Now, I check alicublog daily. As I've said before, it's a valuable clearinghouse of right-wing dementia in certain areas, and I'm grateful that Edroso scours the web for this material so I don't have to. But his focus (varied slightly with occasional commentary on the arts, which usually consists mainly of fulminations against right-wing thoughtcrime in that arena ... do I detect a pattern here?) can obscure the fact that his politics are thoroughly mainstream-media. "Republicans don't give a shit about the deficit," he rails. The deficit is an obsession of the corporate media and the Village/Beltway political class, which is one reason they celebrate Bill Clinton, who did eliminate the deficit -- at great cost to most Americans, because in elite discourse the deficit functions as an excuse for cutting and gutting social programs. But there's no reason to believe that most Americans share this obsession. Polls show consistently that the deficit ranks low on our list of concerns, well below the economy and jobs. And there's certainly no reason to believe that Obama or other Democrats give any more of a shit about the deficit than the Republicans do.

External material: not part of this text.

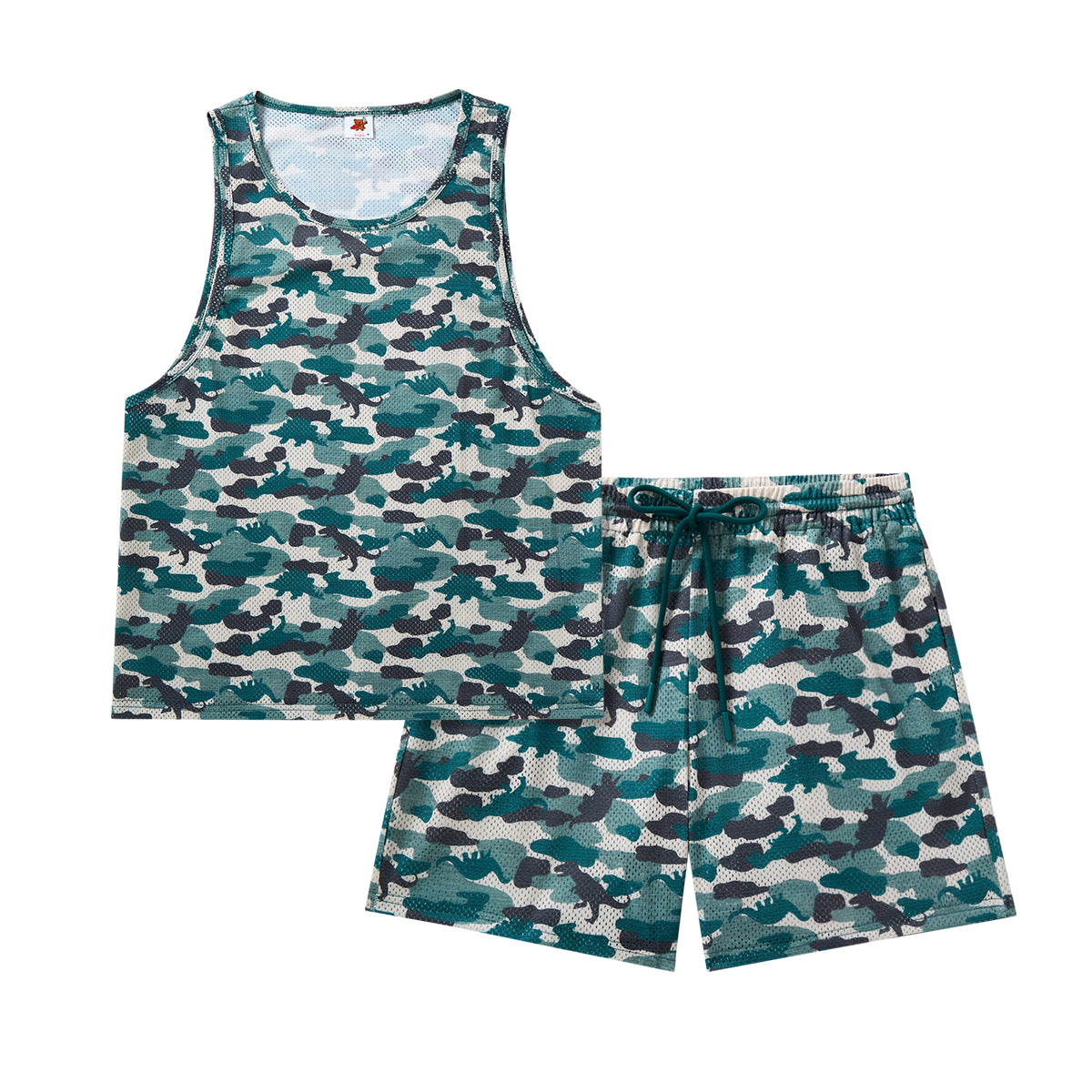 Hidden Dino Camouflage Vest & Shorts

In the same vein, Edroso's commentary on Wikileaks focuses on right-wing hysteria about the document dumps, not the Obama administration and its media supporters, who also want Julian Assange's head on a pike; for that you have to go to Glenn Greenwald. On the TSA and the "porno scanners," Edroso was contemptuous of the frenzy ginned up by the Republicans, but failed to notice that liberal Democrats were in on the fun too. And so on.
Thinking about this, I found my copy of sociologist Nina Eliasoph's Avoiding politics: how Americans produce apathy in everyday life (Cambridge UP, 1998). Eliasoph did participant observation of a community in the Pacific Northwest in the 1980s (I think -- I need to reread the book), and describes the different ways people dealt with political issues. Some got involved in astroturf "volunteer" groups under the guidance of professionals, some chose more genuinely grassroots forms of activism. Others chose cynicism and disengagement, and the patterns Eliasoph described are familiar to me both from online forums and my experience in that life we call real.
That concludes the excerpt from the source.